Study material:

_ _ _ _ _

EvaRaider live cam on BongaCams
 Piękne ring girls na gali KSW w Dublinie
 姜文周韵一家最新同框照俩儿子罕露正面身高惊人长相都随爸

_ _ _ _ _

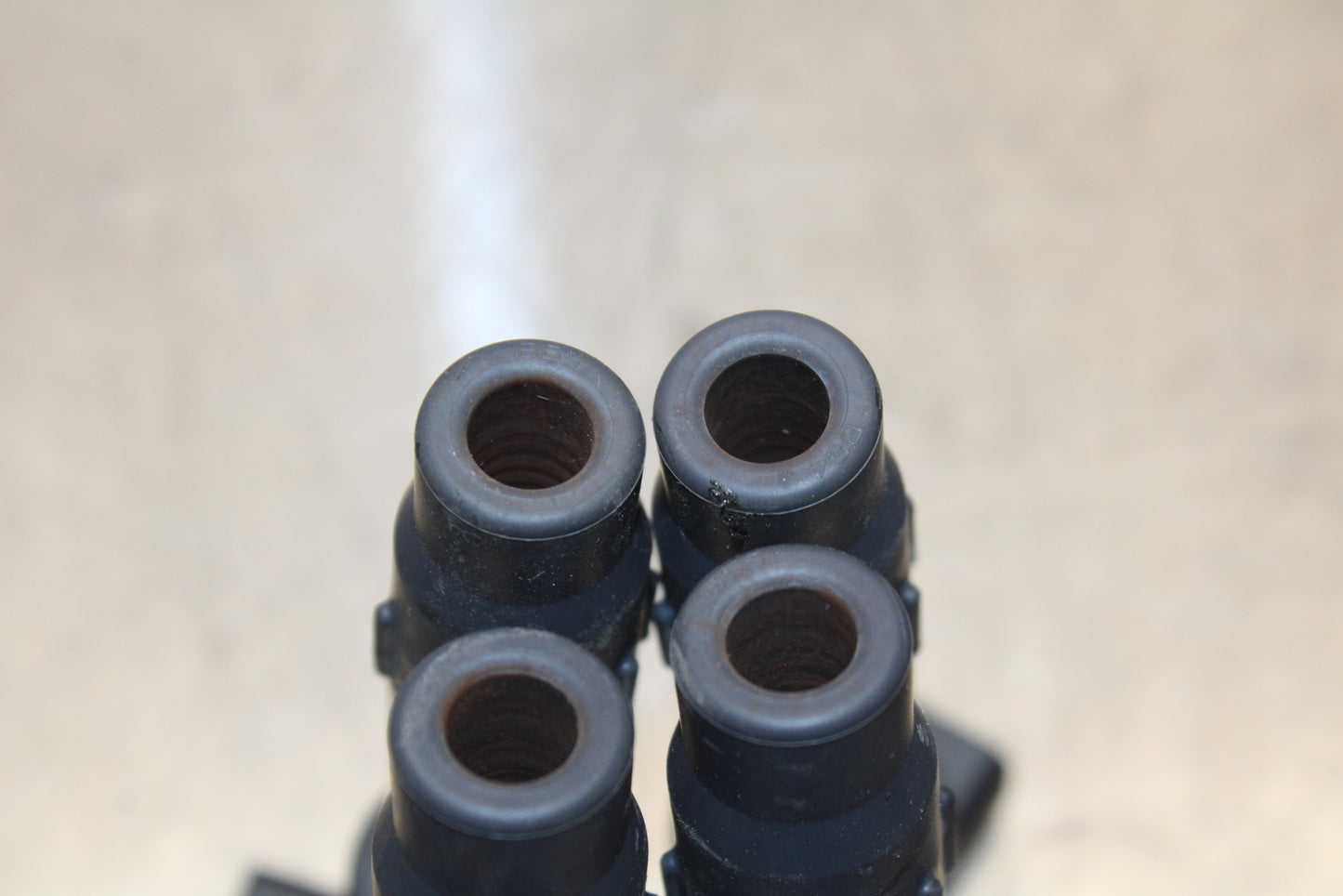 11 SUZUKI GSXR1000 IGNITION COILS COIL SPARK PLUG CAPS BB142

_ _ _ _ _

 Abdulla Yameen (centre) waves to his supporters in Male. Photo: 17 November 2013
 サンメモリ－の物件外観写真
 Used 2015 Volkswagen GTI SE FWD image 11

_ _ _ _ _

Action item:
The lines to extract from the data above begin with the line containing "Abdulla Yameen (centre)" and end with the line containing "Used 2015 Volkswagen GTI SE FWD image 11". Extract them exactly, including both.

Your solution:
 Abdulla Yameen (centre) waves to his supporters in Male. Photo: 17 November 2013
 サンメモリ－の物件外観写真
 Used 2015 Volkswagen GTI SE FWD image 11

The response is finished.